We've all been guilty of it at one time or another: Losing
sight of the line that separates the real world from make-believe.
It's especially easy to do in this age of spectacles like
Cops, Real World and Survivor. But
such "reality" shows aside, it can still be easy to confuse
the made-up characters we see on television with the characters
they portray.
Betty Sizemore (Renée Zellweger) is a floundering
woman, living in Kansas and trapped in a loveless marriage
to Del (Aaron Eckhart), a philandering jackass passing for
a used-car salesman. Betty--who once had aspirations of
being a nurse--is hopelessly devoted to the soap opera A
Reason to Love. When Betty accidentally witnesses a
brutal act of violence involving Del, she lapses into a
state of traumatic shock, blocking out the incident and
retreating to a delusional world where she's a nurse and
Reason's lead character, Dr. David Ravell (Greg Kinnear),
is her estranged fiancé. Betty goes on a mission
to find her long-lost love, but unbeknownst to her, Charlie
(Morgan Freeman) and Wesley (Chris Rock), two determined
hit men, are out to pop a cap in her ass.
Zellweger can be so annoying she makes you want to kick
a dog, but her unique style of girl-next-door-always-on-the-verge-of-blubbering
acting actually works well for Nurse Betty. The real
stars of the film, though, are Freeman and Rock, whose dynamic
hit-man team overshadows such classic gun-for-hire duos
as Lee Marvin and Clu Gulager in The Killers and
Samuel L. Jackson and John Travolta in Pulp Fiction.
Freeman, whose career has been marred by films undeserving
of his talent, delivers one of his best performances and
should earn an Oscar nomination. Comparisons to Jackson's
jeri-curled performance in Pulp Fiction are inevitable,
but Freeman's character--which was probably written for
a white actor--is far more complex and better realized.

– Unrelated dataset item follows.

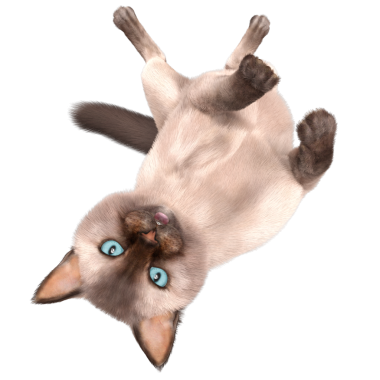 Şeffaf arkaplanda 3 boyutlu sevimli Siyam kedisi izole edilmiş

Nurse Betty wryly examines the way television influences
real life, which in turn influences television, which in
turn influences real life. Director Neil LaBute and screenwriters
John C. Richards and James Flamberg dissect the nature of
fantasy and escapism. It's a world where wants and desires
can make people do some crazy shit: Betty living in her
delusional world, the people who go along with her rubber-room
behavior, and Charlie the hit man, who has a growing infatuation
with her--a "love" fueled by nothing more than a few photos
and what other people have told him about the woman he is
contracted to kill.
At first Nurse Betty seems like a bold departure
for director LaBute, whose previous misanthropy-fests In
the Company of Men and Your Friends and Neighbors
left audiences wanting to scrub themselves down with disinfectant
and Brillo. But despite Nurse Betty's irreverent
mix of dark comedy and brutal violence, it's a film with
as disturbing a resonance as LaBute's earlier work--only
wrapped in a slightly brighter package.